▶ **Short text fragments from websites**:

Start of Block

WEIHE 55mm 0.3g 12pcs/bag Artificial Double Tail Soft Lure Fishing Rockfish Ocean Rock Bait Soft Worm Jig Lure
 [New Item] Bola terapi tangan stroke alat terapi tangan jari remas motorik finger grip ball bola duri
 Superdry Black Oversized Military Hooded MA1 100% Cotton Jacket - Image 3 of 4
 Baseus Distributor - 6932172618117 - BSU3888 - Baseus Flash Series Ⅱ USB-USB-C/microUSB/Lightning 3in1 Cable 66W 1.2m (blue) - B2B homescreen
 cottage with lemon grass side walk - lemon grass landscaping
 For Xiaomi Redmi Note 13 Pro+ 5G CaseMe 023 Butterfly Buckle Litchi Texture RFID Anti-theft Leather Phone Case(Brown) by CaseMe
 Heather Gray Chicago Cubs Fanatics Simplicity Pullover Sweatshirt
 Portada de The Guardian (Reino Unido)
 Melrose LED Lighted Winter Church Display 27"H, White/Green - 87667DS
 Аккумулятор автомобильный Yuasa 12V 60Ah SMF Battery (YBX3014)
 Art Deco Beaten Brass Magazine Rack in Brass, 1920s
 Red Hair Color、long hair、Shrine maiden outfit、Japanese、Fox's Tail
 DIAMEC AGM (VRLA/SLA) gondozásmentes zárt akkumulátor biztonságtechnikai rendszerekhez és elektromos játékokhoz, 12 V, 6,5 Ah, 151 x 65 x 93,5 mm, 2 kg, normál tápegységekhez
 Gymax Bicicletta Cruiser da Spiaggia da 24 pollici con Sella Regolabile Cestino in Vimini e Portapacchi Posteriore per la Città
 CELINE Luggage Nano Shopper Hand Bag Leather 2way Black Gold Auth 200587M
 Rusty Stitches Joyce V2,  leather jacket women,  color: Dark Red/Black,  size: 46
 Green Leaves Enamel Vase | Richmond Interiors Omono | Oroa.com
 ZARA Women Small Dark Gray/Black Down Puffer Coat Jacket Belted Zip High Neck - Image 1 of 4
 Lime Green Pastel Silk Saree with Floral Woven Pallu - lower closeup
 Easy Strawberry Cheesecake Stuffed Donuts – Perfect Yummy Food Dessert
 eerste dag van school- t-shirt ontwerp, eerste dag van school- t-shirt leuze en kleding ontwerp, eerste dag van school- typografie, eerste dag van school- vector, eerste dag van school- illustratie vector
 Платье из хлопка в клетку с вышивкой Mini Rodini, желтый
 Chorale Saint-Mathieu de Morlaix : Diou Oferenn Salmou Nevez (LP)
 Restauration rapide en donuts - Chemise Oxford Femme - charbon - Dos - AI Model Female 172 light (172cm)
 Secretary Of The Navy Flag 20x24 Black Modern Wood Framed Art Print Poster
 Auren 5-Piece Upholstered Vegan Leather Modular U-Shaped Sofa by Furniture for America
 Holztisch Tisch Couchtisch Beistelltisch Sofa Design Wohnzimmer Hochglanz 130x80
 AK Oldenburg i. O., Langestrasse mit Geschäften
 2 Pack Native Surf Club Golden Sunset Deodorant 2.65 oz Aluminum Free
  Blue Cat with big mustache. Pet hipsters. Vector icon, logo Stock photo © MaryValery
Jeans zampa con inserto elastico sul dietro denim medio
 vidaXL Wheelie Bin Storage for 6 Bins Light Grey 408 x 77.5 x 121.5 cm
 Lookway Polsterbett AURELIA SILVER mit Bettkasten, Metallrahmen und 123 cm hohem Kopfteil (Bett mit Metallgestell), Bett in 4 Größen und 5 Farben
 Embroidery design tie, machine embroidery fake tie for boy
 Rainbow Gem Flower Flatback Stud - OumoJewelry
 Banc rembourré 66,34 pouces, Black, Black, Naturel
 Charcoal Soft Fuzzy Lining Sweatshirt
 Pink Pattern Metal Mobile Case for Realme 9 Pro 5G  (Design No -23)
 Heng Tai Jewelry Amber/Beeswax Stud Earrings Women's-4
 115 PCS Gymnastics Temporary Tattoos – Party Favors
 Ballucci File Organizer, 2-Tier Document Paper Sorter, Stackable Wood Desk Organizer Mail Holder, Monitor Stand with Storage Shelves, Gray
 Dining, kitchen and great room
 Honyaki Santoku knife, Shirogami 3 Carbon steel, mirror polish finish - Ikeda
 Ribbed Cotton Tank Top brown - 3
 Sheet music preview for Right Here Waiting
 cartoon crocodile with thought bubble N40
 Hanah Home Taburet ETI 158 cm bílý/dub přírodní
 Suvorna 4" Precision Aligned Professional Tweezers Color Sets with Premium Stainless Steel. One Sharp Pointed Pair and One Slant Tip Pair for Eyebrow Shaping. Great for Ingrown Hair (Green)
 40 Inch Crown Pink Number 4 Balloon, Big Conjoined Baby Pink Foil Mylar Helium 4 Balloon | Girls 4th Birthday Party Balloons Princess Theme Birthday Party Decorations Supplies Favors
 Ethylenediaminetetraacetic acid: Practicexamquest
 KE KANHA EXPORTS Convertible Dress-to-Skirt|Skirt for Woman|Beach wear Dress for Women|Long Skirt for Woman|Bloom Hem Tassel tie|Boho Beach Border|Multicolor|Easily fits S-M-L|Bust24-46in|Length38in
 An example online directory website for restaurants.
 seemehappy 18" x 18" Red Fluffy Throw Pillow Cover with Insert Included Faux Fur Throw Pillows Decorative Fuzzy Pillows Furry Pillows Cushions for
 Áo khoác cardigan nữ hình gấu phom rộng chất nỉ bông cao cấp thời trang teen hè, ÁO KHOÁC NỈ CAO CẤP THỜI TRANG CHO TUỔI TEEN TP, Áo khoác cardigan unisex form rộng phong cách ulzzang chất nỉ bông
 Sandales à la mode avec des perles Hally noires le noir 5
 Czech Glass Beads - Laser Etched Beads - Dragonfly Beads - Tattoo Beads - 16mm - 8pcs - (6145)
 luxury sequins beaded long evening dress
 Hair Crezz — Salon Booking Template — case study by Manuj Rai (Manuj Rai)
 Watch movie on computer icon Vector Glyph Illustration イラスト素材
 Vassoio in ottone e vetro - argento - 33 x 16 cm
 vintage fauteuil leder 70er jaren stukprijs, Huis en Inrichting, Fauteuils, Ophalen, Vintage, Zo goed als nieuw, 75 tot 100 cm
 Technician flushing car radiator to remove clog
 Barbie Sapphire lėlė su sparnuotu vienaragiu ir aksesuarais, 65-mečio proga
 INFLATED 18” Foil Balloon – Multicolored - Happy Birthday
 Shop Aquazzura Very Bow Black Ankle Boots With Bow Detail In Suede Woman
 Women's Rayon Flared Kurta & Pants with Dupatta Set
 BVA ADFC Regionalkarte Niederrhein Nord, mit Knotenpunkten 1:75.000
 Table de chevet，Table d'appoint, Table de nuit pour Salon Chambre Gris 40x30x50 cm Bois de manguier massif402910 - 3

End of Block

▶ **What you need to do**: Each record above should be transcribed exactly.

▶ **Written reply**:
WEIHE 55mm 0.3g 12pcs/bag Artificial Double Tail Soft Lure Fishing Rockfish Ocean Rock Bait Soft Worm Jig Lure
 [New Item] Bola terapi tangan stroke alat terapi tangan jari remas motorik finger grip ball bola duri
 Superdry Black Oversized Military Hooded MA1 100% Cotton Jacket - Image 3 of 4
 Baseus Distributor - 6932172618117 - BSU3888 - Baseus Flash Series Ⅱ USB-USB-C/microUSB/Lightning 3in1 Cable 66W 1.2m (blue) - B2B homescreen
 cottage with lemon grass side walk - lemon grass landscaping
 For Xiaomi Redmi Note 13 Pro+ 5G CaseMe 023 Butterfly Buckle Litchi Texture RFID Anti-theft Leather Phone Case(Brown) by CaseMe
 Heather Gray Chicago Cubs Fanatics Simplicity Pullover Sweatshirt
 Portada de The Guardian (Reino Unido)
 Melrose LED Lighted Winter Church Display 27"H, White/Green - 87667DS
 Аккумулятор автомобильный Yuasa 12V 60Ah SMF Battery (YBX3014)
 Art Deco Beaten Brass Magazine Rack in Brass, 1920s
 Red Hair Color、long hair、Shrine maiden outfit、Japanese、Fox's Tail
 DIAMEC AGM (VRLA/SLA) gondozásmentes zárt akkumulátor biztonságtechnikai rendszerekhez és elektromos játékokhoz, 12 V, 6,5 Ah, 151 x 65 x 93,5 mm, 2 kg, normál tápegységekhez
 Gymax Bicicletta Cruiser da Spiaggia da 24 pollici con Sella Regolabile Cestino in Vimini e Portapacchi Posteriore per la Città
 CELINE Luggage Nano Shopper Hand Bag Leather 2way Black Gold Auth 200587M
 Rusty Stitches Joyce V2,  leather jacket women,  color: Dark Red/Black,  size: 46
 Green Leaves Enamel Vase | Richmond Interiors Omono | Oroa.com
 ZARA Women Small Dark Gray/Black Down Puffer Coat Jacket Belted Zip High Neck - Image 1 of 4
 Lime Green Pastel Silk Saree with Floral Woven Pallu - lower closeup
 Easy Strawberry Cheesecake Stuffed Donuts – Perfect Yummy Food Dessert
 eerste dag van school- t-shirt ontwerp, eerste dag van school- t-shirt leuze en kleding ontwerp, eerste dag van school- typografie, eerste dag van school- vector, eerste dag van school- illustratie vector
 Платье из хлопка в клетку с вышивкой Mini Rodini, желтый
 Chorale Saint-Mathieu de Morlaix : Diou Oferenn Salmou Nevez (LP)
 Restauration rapide en donuts - Chemise Oxford Femme - charbon - Dos - AI Model Female 172 light (172cm)
 Secretary Of The Navy Flag 20x24 Black Modern Wood Framed Art Print Poster
 Auren 5-Piece Upholstered Vegan Leather Modular U-Shaped Sofa by Furniture for America
 Holztisch Tisch Couchtisch Beistelltisch Sofa Design Wohnzimmer Hochglanz 130x80
 AK Oldenburg i. O., Langestrasse mit Geschäften
 2 Pack Native Surf Club Golden Sunset Deodorant 2.65 oz Aluminum Free
  Blue Cat with big mustache. Pet hipsters. Vector icon, logo Stock photo © MaryValery
Jeans zampa con inserto elastico sul dietro denim medio
 vidaXL Wheelie Bin Storage for 6 Bins Light Grey 408 x 77.5 x 121.5 cm
 Lookway Polsterbett AURELIA SILVER mit Bettkasten, Metallrahmen und 123 cm hohem Kopfteil (Bett mit Metallgestell), Bett in 4 Größen und 5 Farben
 Embroidery design tie, machine embroidery fake tie for boy
 Rainbow Gem Flower Flatback Stud - OumoJewelry
 Banc rembourré 66,34 pouces, Black, Black, Naturel
 Charcoal Soft Fuzzy Lining Sweatshirt
 Pink Pattern Metal Mobile Case for Realme 9 Pro 5G  (Design No -23)
 Heng Tai Jewelry Amber/Beeswax Stud Earrings Women's-4
 115 PCS Gymnastics Temporary Tattoos – Party Favors
 Ballucci File Organizer, 2-Tier Document Paper Sorter, Stackable Wood Desk Organizer Mail Holder, Monitor Stand with Storage Shelves, Gray
 Dining, kitchen and great room
 Honyaki Santoku knife, Shirogami 3 Carbon steel, mirror polish finish - Ikeda
 Ribbed Cotton Tank Top brown - 3
 Sheet music preview for Right Here Waiting
 cartoon crocodile with thought bubble N40
 Hanah Home Taburet ETI 158 cm bílý/dub přírodní
 Suvorna 4" Precision Aligned Professional Tweezers Color Sets with Premium Stainless Steel. One Sharp Pointed Pair and One Slant Tip Pair for Eyebrow Shaping. Great for Ingrown Hair (Green)
 40 Inch Crown Pink Number 4 Balloon, Big Conjoined Baby Pink Foil Mylar Helium 4 Balloon | Girls 4th Birthday Party Balloons Princess Theme Birthday Party Decorations Supplies Favors
 Ethylenediaminetetraacetic acid: Practicexamquest
 KE KANHA EXPORTS Convertible Dress-to-Skirt|Skirt for Woman|Beach wear Dress for Women|Long Skirt for Woman|Bloom Hem Tassel tie|Boho Beach Border|Multicolor|Easily fits S-M-L|Bust24-46in|Length38in
 An example online directory website for restaurants.
 seemehappy 18" x 18" Red Fluffy Throw Pillow Cover with Insert Included Faux Fur Throw Pillows Decorative Fuzzy Pillows Furry Pillows Cushions for
 Áo khoác cardigan nữ hình gấu phom rộng chất nỉ bông cao cấp thời trang teen hè, ÁO KHOÁC NỈ CAO CẤP THỜI TRANG CHO TUỔI TEEN TP, Áo khoác cardigan unisex form rộng phong cách ulzzang chất nỉ bông
 Sandales à la mode avec des perles Hally noires le noir 5
 Czech Glass Beads - Laser Etched Beads - Dragonfly Beads - Tattoo Beads - 16mm - 8pcs - (6145)
 luxury sequins beaded long evening dress
 Hair Crezz — Salon Booking Template — case study by Manuj Rai (Manuj Rai)
 Watch movie on computer icon Vector Glyph Illustration イラスト素材
 Vassoio in ottone e vetro - argento - 33 x 16 cm
 vintage fauteuil leder 70er jaren stukprijs, Huis en Inrichting, Fauteuils, Ophalen, Vintage, Zo goed als nieuw, 75 tot 100 cm
 Technician flushing car radiator to remove clog
 Barbie Sapphire lėlė su sparnuotu vienaragiu ir aksesuarais, 65-mečio proga
 INFLATED 18” Foil Balloon – Multicolored - Happy Birthday
 Shop Aquazzura Very Bow Black Ankle Boots With Bow Detail In Suede Woman
 Women's Rayon Flared Kurta & Pants with Dupatta Set
 BVA ADFC Regionalkarte Niederrhein Nord, mit Knotenpunkten 1:75.000
 Table de chevet，Table d'appoint, Table de nuit pour Salon Chambre Gris 40x30x50 cm Bois de manguier massif402910 - 3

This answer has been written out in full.